The Yadkin Ripple
- Type: Weekly newspaper (Published Thursday afternoons)
- Format: Broadsheet
- Owner: Adams MultiMedia
- Publisher: Sandra Hurley
- Editor: Kitsey Burns Harrison
- Founded: 1892
- Headquarters: 115 Jackson Street Yadkinville, North Carolina 27055 United States
- Country: United States
- Circulation: 864 (as of 2021)
- Website: yadkinripple.com

= The Yadkin Ripple =

Newspaper in Yadkinville, North Carolina

The Yadkin Ripple is a weekly newspaper based in Yadkinville, North Carolina. It was first published in East Bend, North Carolina, on October 18, 1892.

The Ripple, published on Thursdays, was purchased in June 2007 by Heartland Publications. It shares a publisher and its production staff with The Tribune in Elkin and is printed at The Mount Airy News.

== History ==
Mattie Johnson Hall, who used the pseudonym "Meddlesome Mattie," started The Ripple in East Bend in 1892. She named it after watching a ripple over a dam on the Yadkin River. In 1896, the paper was sold to attorney Elisha Stanford who moved the offices to Yadkinville. She in-turn sold The Ripple to Samuel Carter (S. Carter) Williams who in 1909 sold the publication to Mr Rutledge.

In 1909, it was sold to W.E. Rutledge Sr. (November 13, 1887 - April 2, 1966). Rutledge was owner, editor and publisher of the paper until his death in 1966. The paper remained in the Rutledge family until 2002 when it was sold to Mid-South Management Company Inc. of Spartanburg, South Carolina. The Yadkin Enterprise, another weekly Yadkinville newspaper, then merged into The Ripple.

In June 2007, The Ripple and its sister publications were sold to Heartland Publications LLC of Connecticut. A week after the sale, Rebel Good, publisher of The Ripple and The Tribune, left his position along with a number of senior staffers. Good and former Mount Airy News publisher Michael Milligan plan to launch a newspaper to compete with The Mount Airy News.

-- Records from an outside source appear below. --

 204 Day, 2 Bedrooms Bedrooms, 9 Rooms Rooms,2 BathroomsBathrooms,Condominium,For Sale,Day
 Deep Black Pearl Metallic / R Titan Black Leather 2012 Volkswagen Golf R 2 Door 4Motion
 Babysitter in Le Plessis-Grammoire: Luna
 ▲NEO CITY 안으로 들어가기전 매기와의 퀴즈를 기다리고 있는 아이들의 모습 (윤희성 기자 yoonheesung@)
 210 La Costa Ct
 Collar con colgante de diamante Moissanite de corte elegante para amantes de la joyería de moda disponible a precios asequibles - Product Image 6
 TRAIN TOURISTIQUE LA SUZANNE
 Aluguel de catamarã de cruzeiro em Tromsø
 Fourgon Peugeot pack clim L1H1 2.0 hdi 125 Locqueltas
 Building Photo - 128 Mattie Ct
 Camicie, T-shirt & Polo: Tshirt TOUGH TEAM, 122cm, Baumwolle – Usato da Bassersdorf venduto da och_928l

In 2012 Versa Capital Management merged Heartland Publications, Ohio Community Media, the former Freedom papers it had acquired, and Impressions Media into a new company, Civitas Media. Civitas Media sold its properties in the Carolinas to Champion Media in 2017. Later in 2017, Champion Media sold its Mount Airy area newspapers to Adams Publishing Group.